The input below:
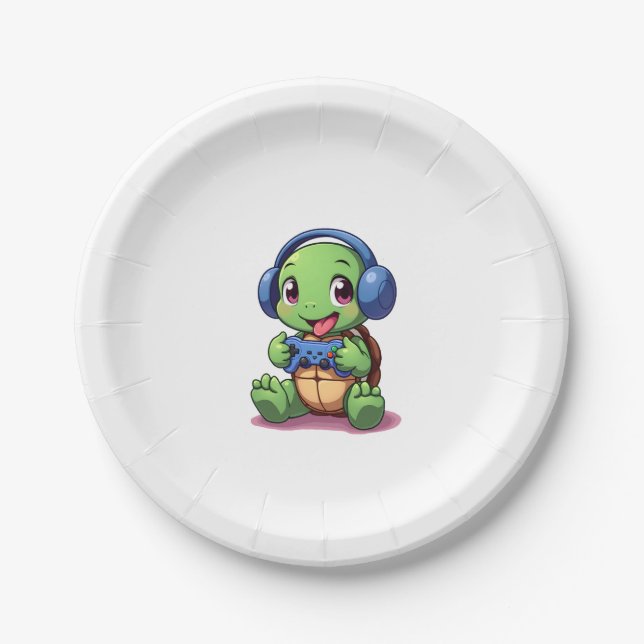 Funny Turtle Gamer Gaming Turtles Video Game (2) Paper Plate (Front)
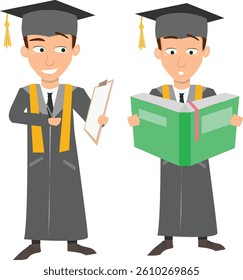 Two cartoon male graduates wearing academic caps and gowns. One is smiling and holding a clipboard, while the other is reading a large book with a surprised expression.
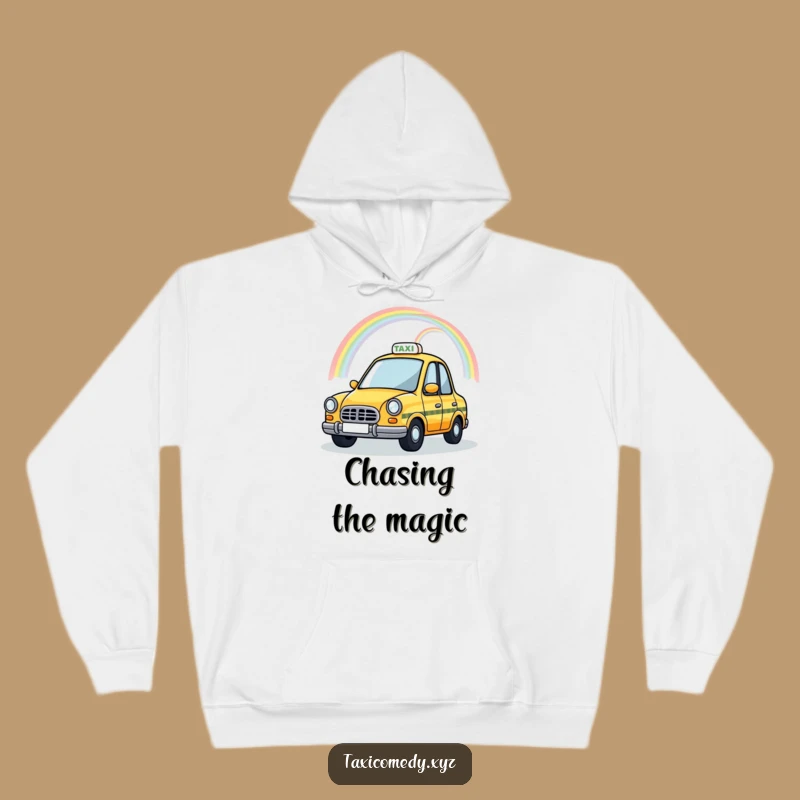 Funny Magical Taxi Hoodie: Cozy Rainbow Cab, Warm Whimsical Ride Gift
End of The input.
The input below:
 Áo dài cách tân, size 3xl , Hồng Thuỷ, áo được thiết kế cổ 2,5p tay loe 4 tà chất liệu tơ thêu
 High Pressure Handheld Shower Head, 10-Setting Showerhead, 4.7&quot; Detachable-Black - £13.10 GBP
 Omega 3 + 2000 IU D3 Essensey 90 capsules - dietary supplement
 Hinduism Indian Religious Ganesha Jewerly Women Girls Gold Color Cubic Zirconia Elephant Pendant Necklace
End of The input.
The input below:
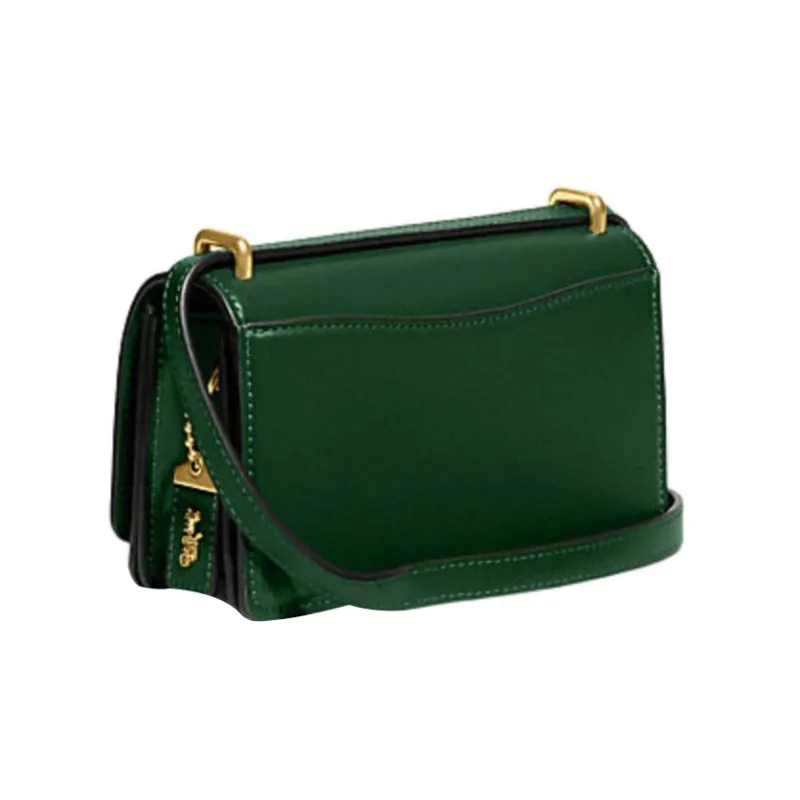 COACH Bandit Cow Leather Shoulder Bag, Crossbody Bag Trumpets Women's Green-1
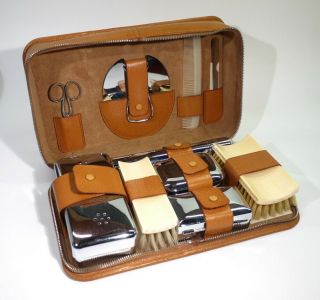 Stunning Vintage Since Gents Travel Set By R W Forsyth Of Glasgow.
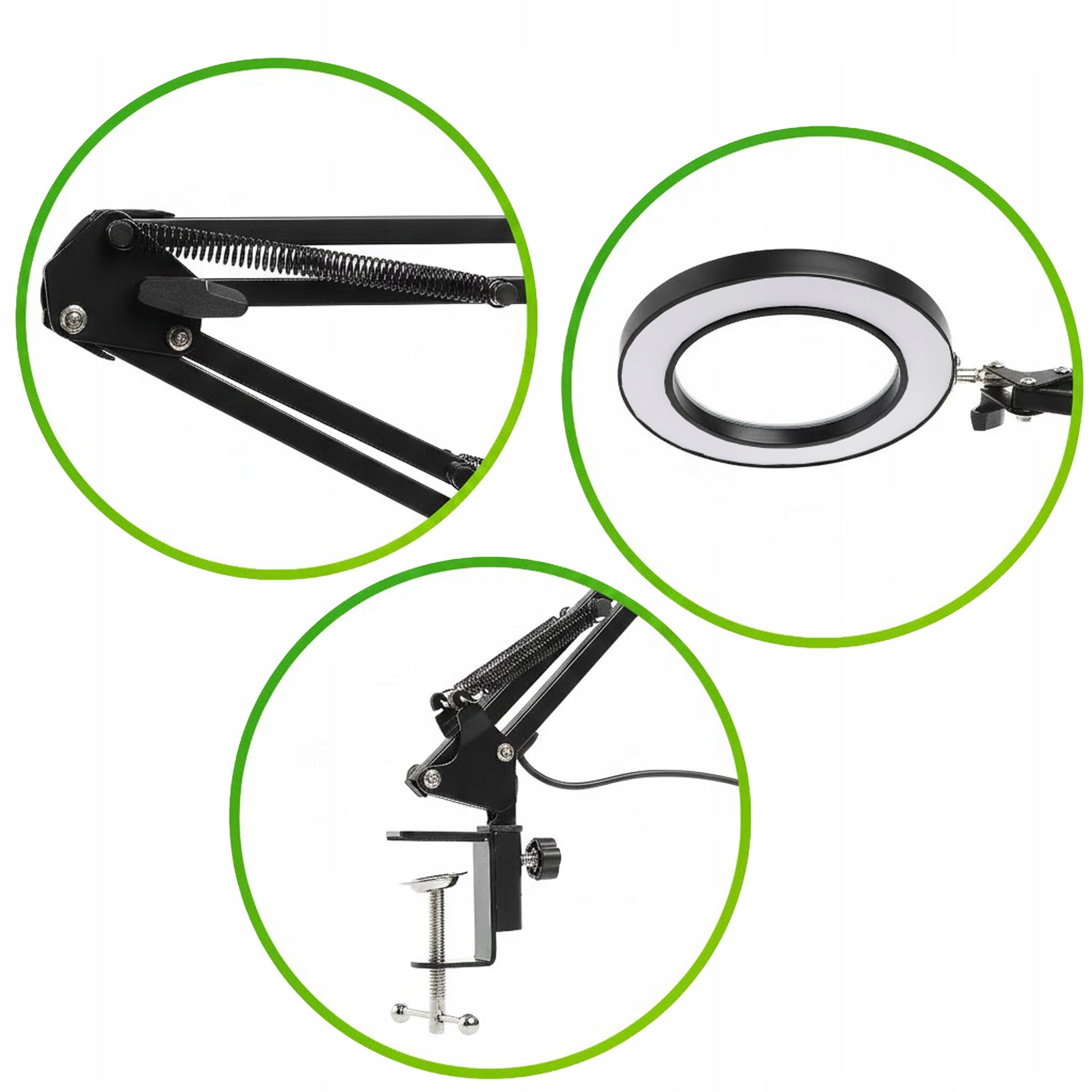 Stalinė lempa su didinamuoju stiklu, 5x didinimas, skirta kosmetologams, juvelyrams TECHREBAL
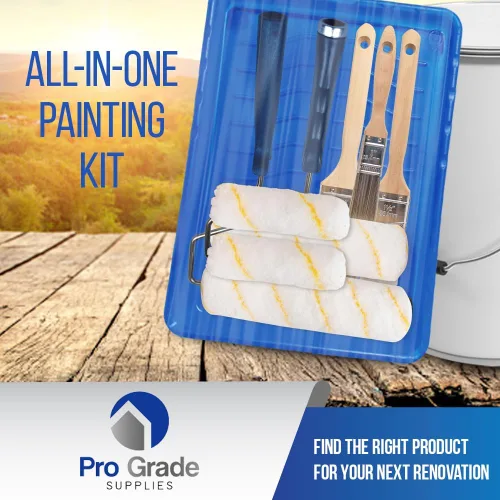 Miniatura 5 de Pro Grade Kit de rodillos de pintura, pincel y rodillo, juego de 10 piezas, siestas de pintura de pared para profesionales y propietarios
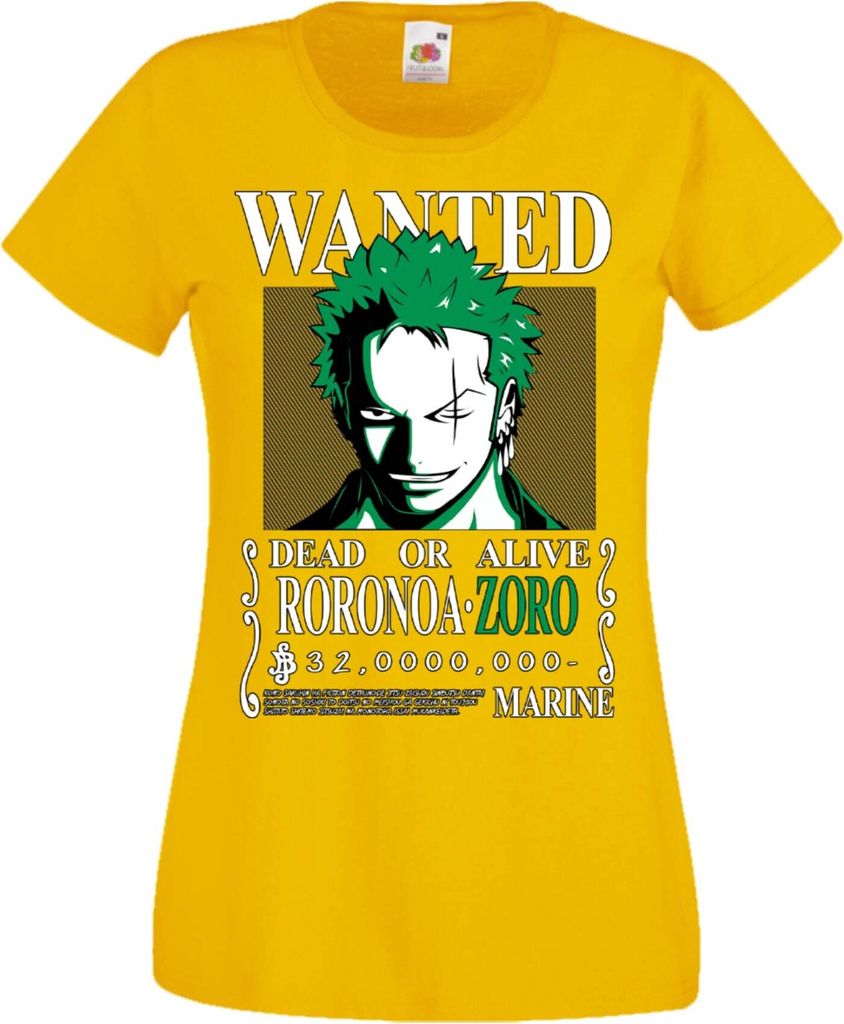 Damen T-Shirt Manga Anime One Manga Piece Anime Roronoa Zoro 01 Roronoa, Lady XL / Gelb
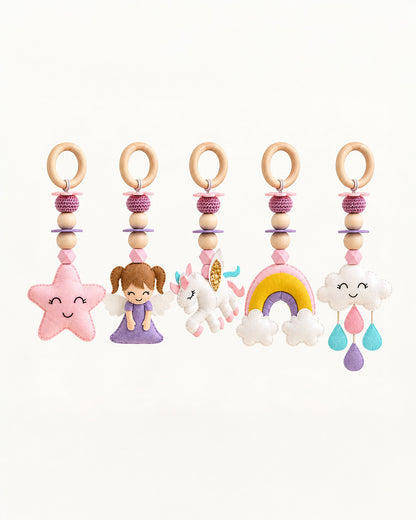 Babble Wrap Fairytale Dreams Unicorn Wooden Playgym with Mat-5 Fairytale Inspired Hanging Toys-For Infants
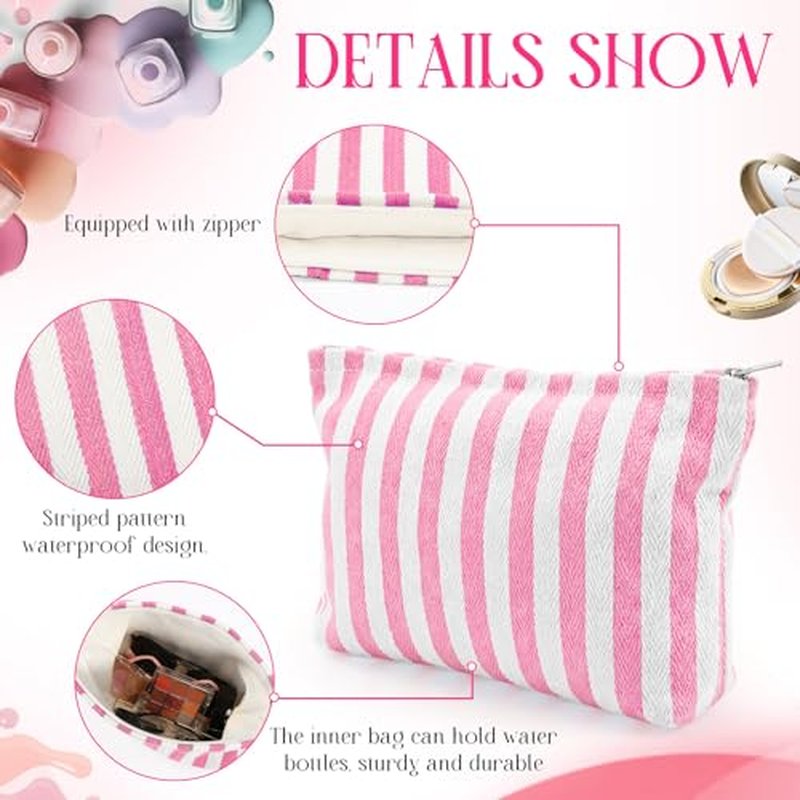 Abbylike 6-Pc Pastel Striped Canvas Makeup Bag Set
End of The input.
Please print the lines above word for word, starting at the one with "Miniatura 5 de" and ending at the one with "Abbylike 6-Pc Pastel", both included, and without any picture.

**Output for this exercise**
 Miniatura 5 de Pro Grade Kit de rodillos de pintura, pincel y rodillo, juego de 10 piezas, siestas de pintura de pared para profesionales y propietarios
 Damen T-Shirt Manga Anime One Manga Piece Anime Roronoa Zoro 01 Roronoa, Lady XL / Gelb
 Babble Wrap Fairytale Dreams Unicorn Wooden Playgym with Mat-5 Fairytale Inspired Hanging Toys-For Infants
 Abbylike 6-Pc Pastel Striped Canvas Makeup Bag Set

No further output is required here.